*Material provided*
****************
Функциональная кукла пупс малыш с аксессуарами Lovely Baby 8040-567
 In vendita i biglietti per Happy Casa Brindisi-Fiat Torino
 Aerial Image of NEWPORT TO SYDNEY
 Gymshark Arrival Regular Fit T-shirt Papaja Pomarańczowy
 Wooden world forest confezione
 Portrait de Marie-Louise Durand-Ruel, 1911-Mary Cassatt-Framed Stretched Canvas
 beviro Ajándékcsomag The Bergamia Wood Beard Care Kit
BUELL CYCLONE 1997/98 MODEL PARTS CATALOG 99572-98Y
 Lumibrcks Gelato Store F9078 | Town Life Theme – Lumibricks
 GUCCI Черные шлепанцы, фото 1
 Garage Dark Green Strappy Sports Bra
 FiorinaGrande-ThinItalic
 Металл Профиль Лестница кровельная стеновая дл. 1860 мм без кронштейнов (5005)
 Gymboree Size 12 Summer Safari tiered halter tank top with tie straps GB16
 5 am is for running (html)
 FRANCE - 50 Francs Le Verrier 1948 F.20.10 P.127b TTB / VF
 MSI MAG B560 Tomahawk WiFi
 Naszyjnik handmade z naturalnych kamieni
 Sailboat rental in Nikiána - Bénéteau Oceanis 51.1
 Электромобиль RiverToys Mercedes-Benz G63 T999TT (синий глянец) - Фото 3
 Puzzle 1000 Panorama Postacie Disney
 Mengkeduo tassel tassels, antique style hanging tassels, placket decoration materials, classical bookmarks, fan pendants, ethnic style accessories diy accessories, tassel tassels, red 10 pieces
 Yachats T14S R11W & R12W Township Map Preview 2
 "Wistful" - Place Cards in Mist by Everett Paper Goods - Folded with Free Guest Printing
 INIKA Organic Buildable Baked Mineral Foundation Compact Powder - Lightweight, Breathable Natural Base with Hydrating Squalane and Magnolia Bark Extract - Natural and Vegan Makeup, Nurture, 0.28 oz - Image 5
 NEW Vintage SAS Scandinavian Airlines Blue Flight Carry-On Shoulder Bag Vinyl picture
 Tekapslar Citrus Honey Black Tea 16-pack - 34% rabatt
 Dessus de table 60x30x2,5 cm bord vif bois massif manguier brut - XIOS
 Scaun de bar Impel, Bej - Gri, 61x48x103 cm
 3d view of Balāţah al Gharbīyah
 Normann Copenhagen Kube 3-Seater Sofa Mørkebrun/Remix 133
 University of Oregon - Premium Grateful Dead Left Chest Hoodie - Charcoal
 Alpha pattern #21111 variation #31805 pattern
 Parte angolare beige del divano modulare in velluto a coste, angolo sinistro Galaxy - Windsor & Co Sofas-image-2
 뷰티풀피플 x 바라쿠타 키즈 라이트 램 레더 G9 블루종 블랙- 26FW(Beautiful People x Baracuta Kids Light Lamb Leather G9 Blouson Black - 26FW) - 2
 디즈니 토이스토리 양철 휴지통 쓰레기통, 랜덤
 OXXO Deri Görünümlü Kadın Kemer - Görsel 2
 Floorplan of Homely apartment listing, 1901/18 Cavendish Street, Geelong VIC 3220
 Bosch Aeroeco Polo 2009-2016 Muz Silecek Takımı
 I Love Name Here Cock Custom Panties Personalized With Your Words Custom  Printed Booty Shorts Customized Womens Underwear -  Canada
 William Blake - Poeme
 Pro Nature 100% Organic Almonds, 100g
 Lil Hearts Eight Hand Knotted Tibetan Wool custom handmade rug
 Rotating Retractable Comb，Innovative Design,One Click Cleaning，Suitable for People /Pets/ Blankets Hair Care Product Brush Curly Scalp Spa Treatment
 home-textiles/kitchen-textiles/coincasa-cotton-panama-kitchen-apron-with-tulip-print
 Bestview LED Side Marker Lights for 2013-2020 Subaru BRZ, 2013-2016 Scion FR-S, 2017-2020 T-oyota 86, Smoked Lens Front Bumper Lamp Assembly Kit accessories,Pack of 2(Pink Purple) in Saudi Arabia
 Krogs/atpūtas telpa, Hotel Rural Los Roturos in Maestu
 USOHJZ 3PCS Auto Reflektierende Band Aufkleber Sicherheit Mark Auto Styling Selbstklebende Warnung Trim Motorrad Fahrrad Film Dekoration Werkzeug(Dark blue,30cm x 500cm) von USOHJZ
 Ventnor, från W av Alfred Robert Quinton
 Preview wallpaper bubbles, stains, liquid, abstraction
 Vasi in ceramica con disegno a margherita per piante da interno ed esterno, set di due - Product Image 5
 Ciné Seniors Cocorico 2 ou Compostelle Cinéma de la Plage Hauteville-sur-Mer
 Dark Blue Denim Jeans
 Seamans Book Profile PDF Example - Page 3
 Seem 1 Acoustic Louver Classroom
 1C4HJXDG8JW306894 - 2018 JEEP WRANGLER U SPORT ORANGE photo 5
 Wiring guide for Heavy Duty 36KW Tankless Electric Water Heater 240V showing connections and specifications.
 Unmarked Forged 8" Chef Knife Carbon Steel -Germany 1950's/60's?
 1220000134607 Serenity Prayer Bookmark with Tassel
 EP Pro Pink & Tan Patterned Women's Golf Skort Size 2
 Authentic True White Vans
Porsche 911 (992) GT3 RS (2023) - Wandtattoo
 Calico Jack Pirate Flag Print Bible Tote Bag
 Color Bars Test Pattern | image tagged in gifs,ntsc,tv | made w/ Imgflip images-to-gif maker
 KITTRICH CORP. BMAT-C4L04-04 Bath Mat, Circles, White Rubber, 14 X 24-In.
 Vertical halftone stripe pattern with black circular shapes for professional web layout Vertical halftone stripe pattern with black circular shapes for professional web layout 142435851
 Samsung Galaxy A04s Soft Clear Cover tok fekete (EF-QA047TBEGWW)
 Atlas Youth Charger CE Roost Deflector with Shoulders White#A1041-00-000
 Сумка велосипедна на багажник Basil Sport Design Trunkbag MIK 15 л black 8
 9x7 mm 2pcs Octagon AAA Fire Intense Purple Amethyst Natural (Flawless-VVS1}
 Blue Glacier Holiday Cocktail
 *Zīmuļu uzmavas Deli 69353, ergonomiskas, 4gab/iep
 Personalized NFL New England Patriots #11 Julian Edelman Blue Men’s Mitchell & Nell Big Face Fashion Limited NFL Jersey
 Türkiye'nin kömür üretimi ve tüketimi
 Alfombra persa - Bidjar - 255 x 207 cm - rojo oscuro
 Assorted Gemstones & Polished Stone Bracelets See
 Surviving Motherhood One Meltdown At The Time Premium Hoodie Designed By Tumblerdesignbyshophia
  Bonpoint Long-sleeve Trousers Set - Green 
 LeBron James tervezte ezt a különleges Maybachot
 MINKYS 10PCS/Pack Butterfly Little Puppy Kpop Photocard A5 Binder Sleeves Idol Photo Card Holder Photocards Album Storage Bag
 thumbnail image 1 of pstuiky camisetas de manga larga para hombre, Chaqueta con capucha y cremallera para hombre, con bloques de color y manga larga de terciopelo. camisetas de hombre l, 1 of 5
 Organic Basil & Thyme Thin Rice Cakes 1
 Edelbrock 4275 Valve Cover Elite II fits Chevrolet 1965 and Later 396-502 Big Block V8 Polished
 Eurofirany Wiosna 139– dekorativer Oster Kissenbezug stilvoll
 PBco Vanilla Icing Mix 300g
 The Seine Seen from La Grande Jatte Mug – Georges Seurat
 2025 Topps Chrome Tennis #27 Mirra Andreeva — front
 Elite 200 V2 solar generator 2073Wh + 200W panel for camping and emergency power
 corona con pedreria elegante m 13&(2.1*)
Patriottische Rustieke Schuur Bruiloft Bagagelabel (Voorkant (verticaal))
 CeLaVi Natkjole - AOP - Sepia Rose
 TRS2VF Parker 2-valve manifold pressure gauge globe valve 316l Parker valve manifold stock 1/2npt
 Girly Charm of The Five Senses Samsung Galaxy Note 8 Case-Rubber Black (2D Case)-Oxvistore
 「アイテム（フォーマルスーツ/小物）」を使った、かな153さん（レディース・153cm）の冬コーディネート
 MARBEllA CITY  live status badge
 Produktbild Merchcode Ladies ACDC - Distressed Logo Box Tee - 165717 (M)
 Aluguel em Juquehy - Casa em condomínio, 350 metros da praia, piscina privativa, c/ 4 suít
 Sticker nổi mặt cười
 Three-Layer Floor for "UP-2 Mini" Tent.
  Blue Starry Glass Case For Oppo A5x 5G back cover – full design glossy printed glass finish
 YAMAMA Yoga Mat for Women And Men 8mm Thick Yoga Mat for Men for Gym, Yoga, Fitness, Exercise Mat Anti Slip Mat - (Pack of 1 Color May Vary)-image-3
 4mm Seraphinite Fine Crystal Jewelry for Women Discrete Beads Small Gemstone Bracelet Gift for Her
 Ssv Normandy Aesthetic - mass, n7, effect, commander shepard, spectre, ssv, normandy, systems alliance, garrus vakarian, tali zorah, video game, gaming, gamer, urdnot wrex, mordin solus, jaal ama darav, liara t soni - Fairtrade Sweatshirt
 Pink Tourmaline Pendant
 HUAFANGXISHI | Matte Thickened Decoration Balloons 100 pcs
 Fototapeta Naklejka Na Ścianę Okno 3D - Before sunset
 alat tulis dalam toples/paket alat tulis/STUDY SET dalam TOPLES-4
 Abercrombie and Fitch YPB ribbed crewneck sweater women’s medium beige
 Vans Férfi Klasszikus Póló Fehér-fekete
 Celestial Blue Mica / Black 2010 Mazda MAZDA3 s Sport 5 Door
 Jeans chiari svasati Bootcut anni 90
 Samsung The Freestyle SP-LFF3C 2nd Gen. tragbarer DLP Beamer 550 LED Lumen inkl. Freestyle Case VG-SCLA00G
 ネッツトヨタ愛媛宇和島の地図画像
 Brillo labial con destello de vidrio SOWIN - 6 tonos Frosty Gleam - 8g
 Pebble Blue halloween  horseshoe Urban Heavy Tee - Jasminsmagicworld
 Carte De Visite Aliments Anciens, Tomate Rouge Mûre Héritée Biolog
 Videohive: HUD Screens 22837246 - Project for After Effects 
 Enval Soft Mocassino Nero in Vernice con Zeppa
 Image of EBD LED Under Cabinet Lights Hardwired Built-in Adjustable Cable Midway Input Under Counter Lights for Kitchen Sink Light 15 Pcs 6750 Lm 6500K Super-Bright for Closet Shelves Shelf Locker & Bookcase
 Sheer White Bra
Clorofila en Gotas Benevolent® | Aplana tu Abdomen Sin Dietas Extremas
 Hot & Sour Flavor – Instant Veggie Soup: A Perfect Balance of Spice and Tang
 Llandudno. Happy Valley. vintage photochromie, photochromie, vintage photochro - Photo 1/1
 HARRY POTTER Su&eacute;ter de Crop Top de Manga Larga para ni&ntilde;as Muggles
****************
*Problem to solve*
The response should hold exactly the lines starting at the line with "EP Pro Pink" and ending at the line with "Bonpoint Long-sleeve Trousers Set - Green", and no other line of the material above.

*Response area*
 EP Pro Pink & Tan Patterned Women's Golf Skort Size 2
 Authentic True White Vans
Porsche 911 (992) GT3 RS (2023) - Wandtattoo
 Calico Jack Pirate Flag Print Bible Tote Bag
 Color Bars Test Pattern | image tagged in gifs,ntsc,tv | made w/ Imgflip images-to-gif maker
 KITTRICH CORP. BMAT-C4L04-04 Bath Mat, Circles, White Rubber, 14 X 24-In.
 Vertical halftone stripe pattern with black circular shapes for professional web layout Vertical halftone stripe pattern with black circular shapes for professional web layout 142435851
 Samsung Galaxy A04s Soft Clear Cover tok fekete (EF-QA047TBEGWW)
 Atlas Youth Charger CE Roost Deflector with Shoulders White#A1041-00-000
 Сумка велосипедна на багажник Basil Sport Design Trunkbag MIK 15 л black 8
 9x7 mm 2pcs Octagon AAA Fire Intense Purple Amethyst Natural (Flawless-VVS1}
 Blue Glacier Holiday Cocktail
 *Zīmuļu uzmavas Deli 69353, ergonomiskas, 4gab/iep
 Personalized NFL New England Patriots #11 Julian Edelman Blue Men’s Mitchell & Nell Big Face Fashion Limited NFL Jersey
 Türkiye'nin kömür üretimi ve tüketimi
 Alfombra persa - Bidjar - 255 x 207 cm - rojo oscuro
 Assorted Gemstones & Polished Stone Bracelets See
 Surviving Motherhood One Meltdown At The Time Premium Hoodie Designed By Tumblerdesignbyshophia
  Bonpoint Long-sleeve Trousers Set - Green 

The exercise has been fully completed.